▶ Task brief
The listing below must be given again in full, exactly.

Segment Start: Extracted entries

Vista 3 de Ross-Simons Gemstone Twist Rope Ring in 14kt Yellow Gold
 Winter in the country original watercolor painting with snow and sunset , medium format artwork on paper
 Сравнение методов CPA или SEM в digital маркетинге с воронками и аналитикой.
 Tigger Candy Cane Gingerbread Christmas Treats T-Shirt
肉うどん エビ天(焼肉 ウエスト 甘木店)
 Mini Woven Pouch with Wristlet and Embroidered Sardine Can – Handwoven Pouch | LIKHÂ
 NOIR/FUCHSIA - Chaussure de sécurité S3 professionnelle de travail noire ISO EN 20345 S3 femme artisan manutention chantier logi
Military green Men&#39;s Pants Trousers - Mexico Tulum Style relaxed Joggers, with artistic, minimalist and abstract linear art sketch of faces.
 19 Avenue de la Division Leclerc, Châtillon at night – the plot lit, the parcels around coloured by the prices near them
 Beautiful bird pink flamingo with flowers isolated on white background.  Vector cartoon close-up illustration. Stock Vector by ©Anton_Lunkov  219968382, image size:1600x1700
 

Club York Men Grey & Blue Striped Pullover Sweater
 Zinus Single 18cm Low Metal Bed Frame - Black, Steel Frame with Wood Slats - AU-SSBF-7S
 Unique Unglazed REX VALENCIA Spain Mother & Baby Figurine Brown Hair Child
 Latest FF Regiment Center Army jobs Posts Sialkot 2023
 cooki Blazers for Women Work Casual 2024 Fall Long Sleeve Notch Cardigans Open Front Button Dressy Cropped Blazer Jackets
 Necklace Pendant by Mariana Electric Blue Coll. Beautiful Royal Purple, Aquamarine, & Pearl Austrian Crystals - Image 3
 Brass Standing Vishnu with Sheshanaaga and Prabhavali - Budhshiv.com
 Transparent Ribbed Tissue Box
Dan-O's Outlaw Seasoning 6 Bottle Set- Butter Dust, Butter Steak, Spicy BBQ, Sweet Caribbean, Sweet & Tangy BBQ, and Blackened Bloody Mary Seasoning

Segment End: Extracted entries

▶ Written solution
Vista 3 de Ross-Simons Gemstone Twist Rope Ring in 14kt Yellow Gold
 Winter in the country original watercolor painting with snow and sunset , medium format artwork on paper
 Сравнение методов CPA или SEM в digital маркетинге с воронками и аналитикой.
 Tigger Candy Cane Gingerbread Christmas Treats T-Shirt
肉うどん エビ天(焼肉 ウエスト 甘木店)
 Mini Woven Pouch with Wristlet and Embroidered Sardine Can – Handwoven Pouch | LIKHÂ
 NOIR/FUCHSIA - Chaussure de sécurité S3 professionnelle de travail noire ISO EN 20345 S3 femme artisan manutention chantier logi
Military green Men&#39;s Pants Trousers - Mexico Tulum Style relaxed Joggers, with artistic, minimalist and abstract linear art sketch of faces.
 19 Avenue de la Division Leclerc, Châtillon at night – the plot lit, the parcels around coloured by the prices near them
 Beautiful bird pink flamingo with flowers isolated on white background.  Vector cartoon close-up illustration. Stock Vector by ©Anton_Lunkov  219968382, image size:1600x1700
 

Club York Men Grey & Blue Striped Pullover Sweater
 Zinus Single 18cm Low Metal Bed Frame - Black, Steel Frame with Wood Slats - AU-SSBF-7S
 Unique Unglazed REX VALENCIA Spain Mother & Baby Figurine Brown Hair Child
 Latest FF Regiment Center Army jobs Posts Sialkot 2023
 cooki Blazers for Women Work Casual 2024 Fall Long Sleeve Notch Cardigans Open Front Button Dressy Cropped Blazer Jackets
 Necklace Pendant by Mariana Electric Blue Coll. Beautiful Royal Purple, Aquamarine, & Pearl Austrian Crystals - Image 3
 Brass Standing Vishnu with Sheshanaaga and Prabhavali - Budhshiv.com
 Transparent Ribbed Tissue Box
Dan-O's Outlaw Seasoning 6 Bottle Set- Butter Dust, Butter Steak, Spicy BBQ, Sweet Caribbean, Sweet & Tangy BBQ, and Blackened Bloody Mary Seasoning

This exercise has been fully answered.